Initialize the HashSet for maintaining the active utxos.

    let mut utxo_set: HashSet<OutPoint> = HashSet::new();

Starting from the block_height to block_height + 10 fetch each block.

    for height in start_height..start_height + 10 {
        let block = get_block(height, client)?;
        // TODO
    }

A block has a sequence of transactions and for each of them we have to process utxo_set based on it's input and output.

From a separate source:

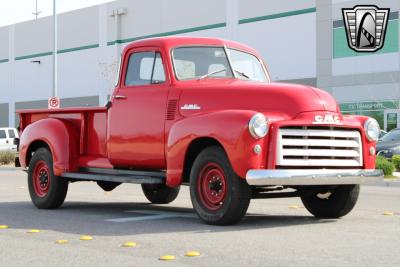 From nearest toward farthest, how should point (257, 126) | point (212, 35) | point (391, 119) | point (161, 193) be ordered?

We have to remove the previous out of the input from the utxo_set and add the outputs to the set, except when block refers to the block at block_height because that's how we want to do.

        for tx in block.txdata {
            // For the first block, add all utxo_set
            if height == start_height {
                for (vout_index, _) in tx.output.iter().enumerate() {
                    let outpoint = OutPoint::new(tx.txid(), vout_index as u32);
                    utxo_set.insert(outpoint);
                }
            } else {
                // For subsequent blocks, update the UTXO set
                // Remove spent outputs
                for input in tx.input.iter() {
                    utxo_set.remove(&input.previous_output);
                }
                // Add new outputs
                for (vout_index, _) in tx.output.iter().enumerate() {
                    let outpoint = OutPoint::new(tx.txid(), vout_index as u32);
                    utxo_set.insert(outpoint);
                }
            }
        }

Note Rust specific syntax

/*Line 92 and 103*/ utxo_set.insert(outpoint); // outpoint is moved into the utxo_set (HashSet)
/*Line 98*/ utxo_set.remove(&input.previous_output); // utxo_set borrows the input.previous_output value

Why is that? Think about the consequences of the design and why they have been done this way.